Es sei ein weiterer Schritt zur Einführung der vom Volk gewünschten Werbeeinschränkungen für Tabak und Nikotin, schrieb der Bundesrat in einer Mitteilung. Im Februar 2022 hatten Volk und Stände die Volksinitiative «Kinder und Jugendliche ohne Tabakwerbung» angenommen. Sie verlangte, dass «jede Form von Tabakwerbung, die Kindern zugänglich ist, verboten wird».
Das Parlament entschied sich nach mehrmaligem Hin und Her für einen Mittelweg zwischen einer sehr liberalen Haltung und einem totalen Werbeverbot. Exemplarisch zeigt sich das bei den Werberegeln in Zeitungen und Zeitschriften. Sie wird dort verboten - ausser die Werbung ist im Innenteil von Publikationen, die mehrheitlich über Abonnements verkauft werden und deren Leserschaft zu mindestens 98 Prozent aus Erwachsenen besteht.
Ausweiskontrollen geregelt
Seit gut einem Jahr bestehen bereits Werbeeinschränkungen für alle Tabakprodukte und E-Zigaretten. Künftig werden weitere Regeln bei der Werbung, Verkaufsförderung und beim Sponsoring für Tabakprodukte und E-Zigaretten dazukommen. Nicht mehr zulässig ist Werbung an den Verkaufsstellen.

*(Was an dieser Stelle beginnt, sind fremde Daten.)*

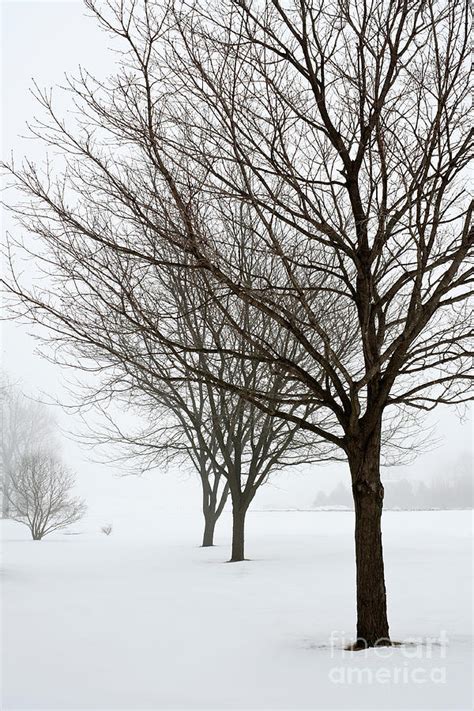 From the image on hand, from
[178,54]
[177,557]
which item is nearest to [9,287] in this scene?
[178,54]

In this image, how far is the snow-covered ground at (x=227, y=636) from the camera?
4.09 m

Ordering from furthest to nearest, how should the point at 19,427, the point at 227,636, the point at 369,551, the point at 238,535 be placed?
the point at 19,427 → the point at 238,535 → the point at 227,636 → the point at 369,551

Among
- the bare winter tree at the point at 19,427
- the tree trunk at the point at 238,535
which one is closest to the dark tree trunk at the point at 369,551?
the tree trunk at the point at 238,535

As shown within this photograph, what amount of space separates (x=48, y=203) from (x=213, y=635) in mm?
→ 4303

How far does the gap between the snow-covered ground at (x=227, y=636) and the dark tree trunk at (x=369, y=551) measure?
0.93 feet

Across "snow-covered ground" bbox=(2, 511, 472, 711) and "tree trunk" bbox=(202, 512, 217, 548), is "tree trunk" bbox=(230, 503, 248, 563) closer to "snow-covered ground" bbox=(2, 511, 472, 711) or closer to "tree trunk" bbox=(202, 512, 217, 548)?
"snow-covered ground" bbox=(2, 511, 472, 711)

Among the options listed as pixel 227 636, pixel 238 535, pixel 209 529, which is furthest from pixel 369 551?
pixel 209 529

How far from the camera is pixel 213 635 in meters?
5.89

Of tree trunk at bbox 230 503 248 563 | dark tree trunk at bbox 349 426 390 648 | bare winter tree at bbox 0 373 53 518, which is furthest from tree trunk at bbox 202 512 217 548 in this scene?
bare winter tree at bbox 0 373 53 518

Verboten wird zudem das Sponsoring von Anlässen, die von Minderjährigen besucht werden können, wenn nicht durch geeignete Massnahmen sichergestellt ist, dass die Werbung vor Ort für Minderjährige weder sichtbar noch zugänglich ist. Ausserdem darf im Internet nicht mehr für Tabakprodukte und E-Zigaretten geworben werden, wenn es kein System zur Alterskontrolle gibt.
Die nun zur Diskussion gestellte Tabakprodukteverordnung regelt laut dem Bundesrat beispielsweise die Anforderungen an das Alterskontrollsystem. Der Nachweis der Volljährigkeit muss demnach mit einem amtlichen Ausweis in physischer oder elektronischer Form erbracht werden.

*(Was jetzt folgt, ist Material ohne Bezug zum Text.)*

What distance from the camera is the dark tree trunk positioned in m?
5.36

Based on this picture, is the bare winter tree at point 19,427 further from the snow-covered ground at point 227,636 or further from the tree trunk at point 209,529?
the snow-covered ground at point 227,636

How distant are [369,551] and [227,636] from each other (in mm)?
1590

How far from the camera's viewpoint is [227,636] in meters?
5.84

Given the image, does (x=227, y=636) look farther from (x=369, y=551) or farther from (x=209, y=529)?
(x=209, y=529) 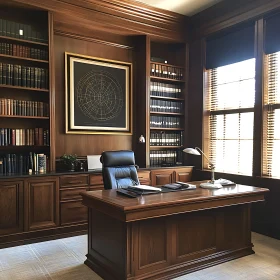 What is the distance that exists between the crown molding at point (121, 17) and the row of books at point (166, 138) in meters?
1.64

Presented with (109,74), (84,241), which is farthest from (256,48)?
(84,241)

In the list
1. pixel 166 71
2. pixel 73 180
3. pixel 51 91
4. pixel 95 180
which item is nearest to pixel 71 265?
pixel 73 180

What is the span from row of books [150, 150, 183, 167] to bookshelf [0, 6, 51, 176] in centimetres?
179

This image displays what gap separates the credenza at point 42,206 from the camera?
3.38 meters

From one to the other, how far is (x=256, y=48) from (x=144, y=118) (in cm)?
196

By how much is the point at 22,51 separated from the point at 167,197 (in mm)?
2752

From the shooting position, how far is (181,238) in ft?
9.00

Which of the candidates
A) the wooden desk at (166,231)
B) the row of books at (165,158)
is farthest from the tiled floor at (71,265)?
the row of books at (165,158)

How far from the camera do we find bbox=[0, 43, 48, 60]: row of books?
12.1ft

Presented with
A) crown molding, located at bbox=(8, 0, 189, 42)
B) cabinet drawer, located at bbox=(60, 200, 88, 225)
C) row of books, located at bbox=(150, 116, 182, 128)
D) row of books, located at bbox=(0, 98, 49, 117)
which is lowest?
cabinet drawer, located at bbox=(60, 200, 88, 225)

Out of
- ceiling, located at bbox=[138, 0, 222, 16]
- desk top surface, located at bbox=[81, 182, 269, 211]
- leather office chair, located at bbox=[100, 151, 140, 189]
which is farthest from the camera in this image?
ceiling, located at bbox=[138, 0, 222, 16]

Aufgeführt werden auch die geeigneten Massnahmen, um Werbung an Anlässen, die von der Tabak- und Nikotinindustrie gesponsert sind, für Minderjährige unsichtbar und unzugänglich zu machen. Der Zutritt zum Ort, wo sich die Werbung befindet, muss Minderjährigen untersagt sein, und am Eingang muss eine Alterskontrolle durchgeführt werden.
Ausstehende Ratifizierung eines WHO-Vertrags
Die Urheberinnen und Urheber der Tabakwerbeverbotsinitiative sprachen nach dem Parlamentsentscheid im Sommer von einem «in knapp genügender Form umgesetzten Gesetzgebungsauftrag». Werbung für Tabakprodukte sei künftig in den meisten Kanälen, die Kinder und Jugendliche erreichen könnten, verboten oder stark eingeschränkt.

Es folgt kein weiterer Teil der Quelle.